## Assigned task
Only some lines are wanted: please transcribe exactly those from the one containing "Transparent Storage Bag" through the end of the data, pictures excluded.

========================

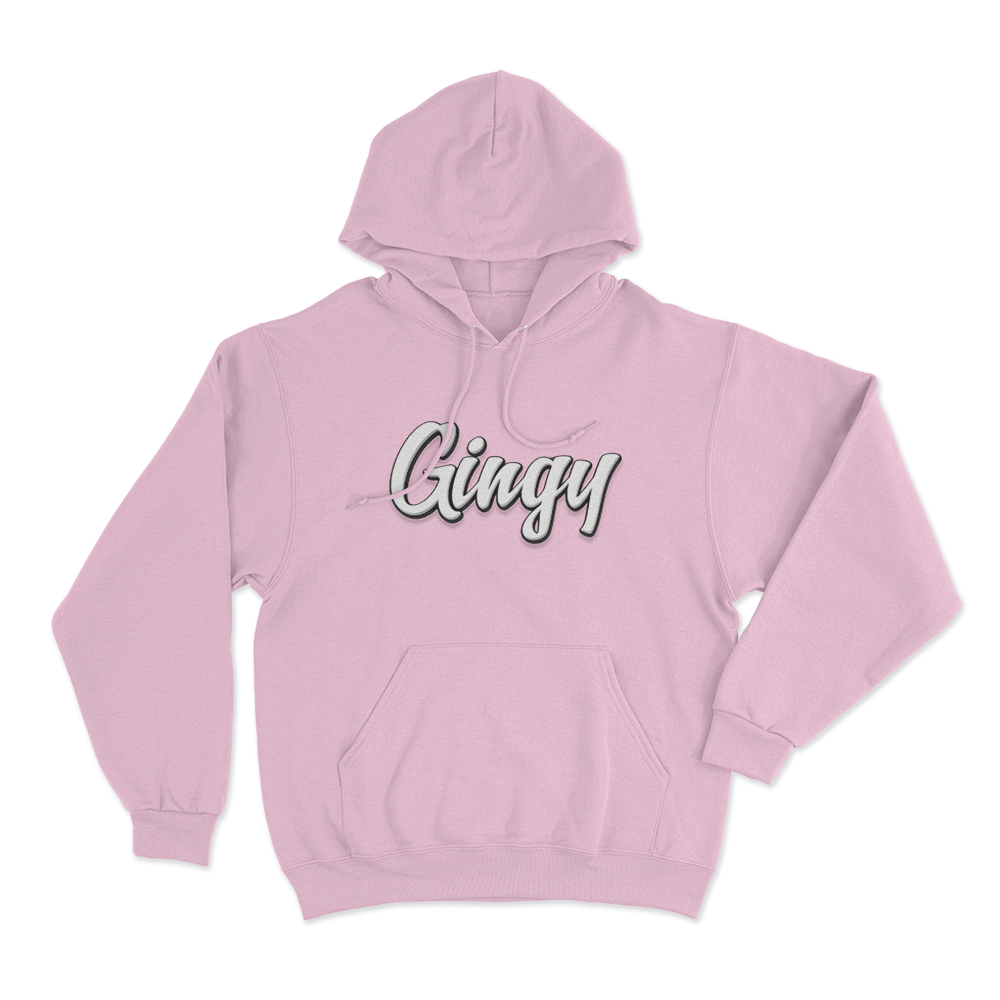 GINGY Script Unisex Hoodie Pink GINGY Script Unisex Hoodie Pink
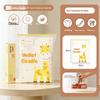 Transparent Storage Bag For Travel And Home Organization With Sealed Zipper For Baby Clothes And Toys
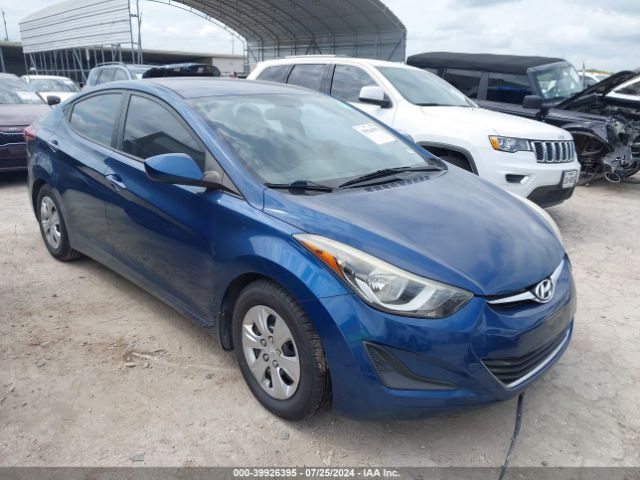 HYUNDAI ELANTRA 2016 kmhdh4ae6gu547509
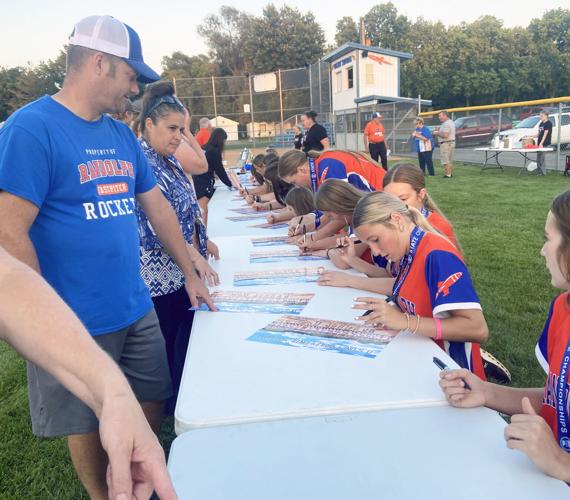 Rocket softball holds long-overdue championship celebration | Schools ...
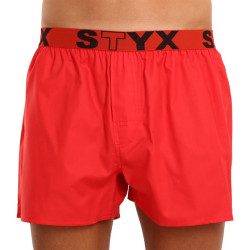 Herenboxershort Styx sport elastisch rood (B1064)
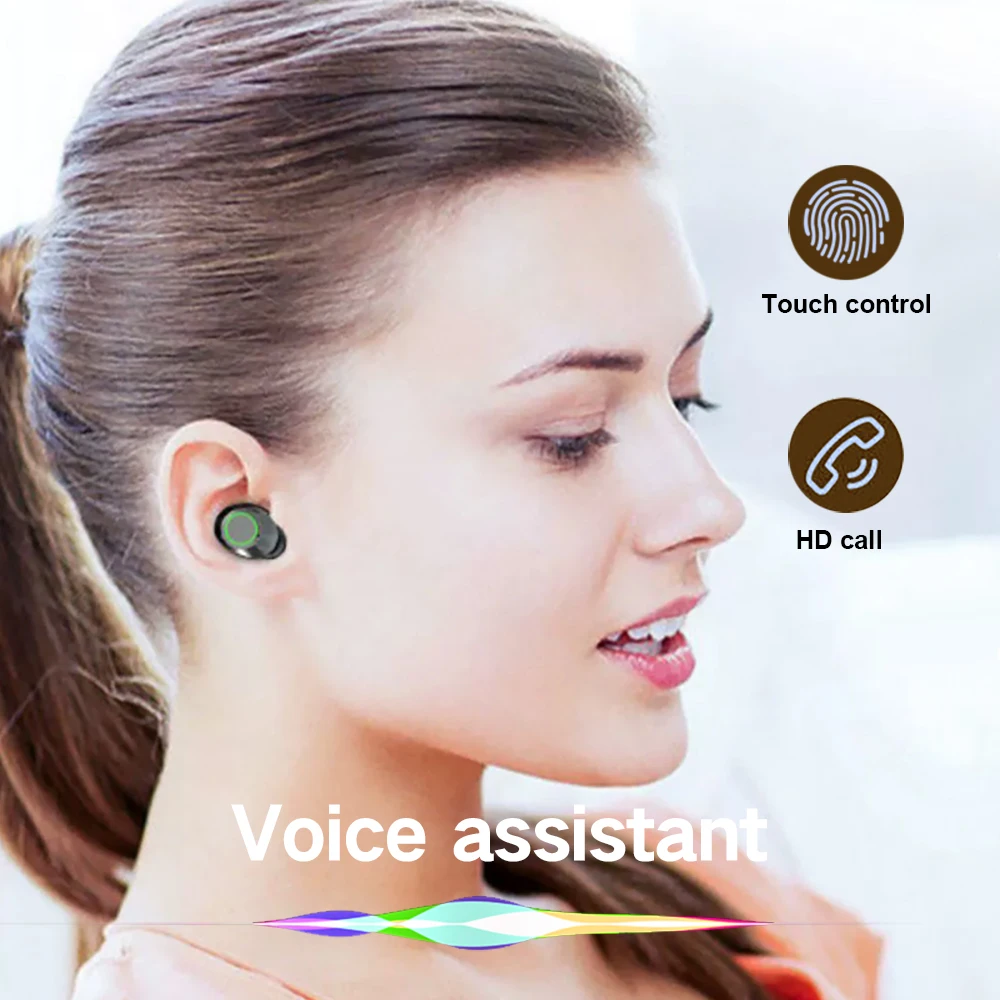 NES TWS Wireless Bluetooth Earphones Sport Stereo Headphones HiFi Music Earbuds With Built-in Microphone HD Call Gaming Headset 6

========================

## Solution for this problem
 Transparent Storage Bag For Travel And Home Organization With Sealed Zipper For Baby Clothes And Toys
 HYUNDAI ELANTRA 2016 kmhdh4ae6gu547509
 Rocket softball holds long-overdue championship celebration | Schools ...
 Herenboxershort Styx sport elastisch rood (B1064)
 NES TWS Wireless Bluetooth Earphones Sport Stereo Headphones HiFi Music Earbuds With Built-in Microphone HD Call Gaming Headset 6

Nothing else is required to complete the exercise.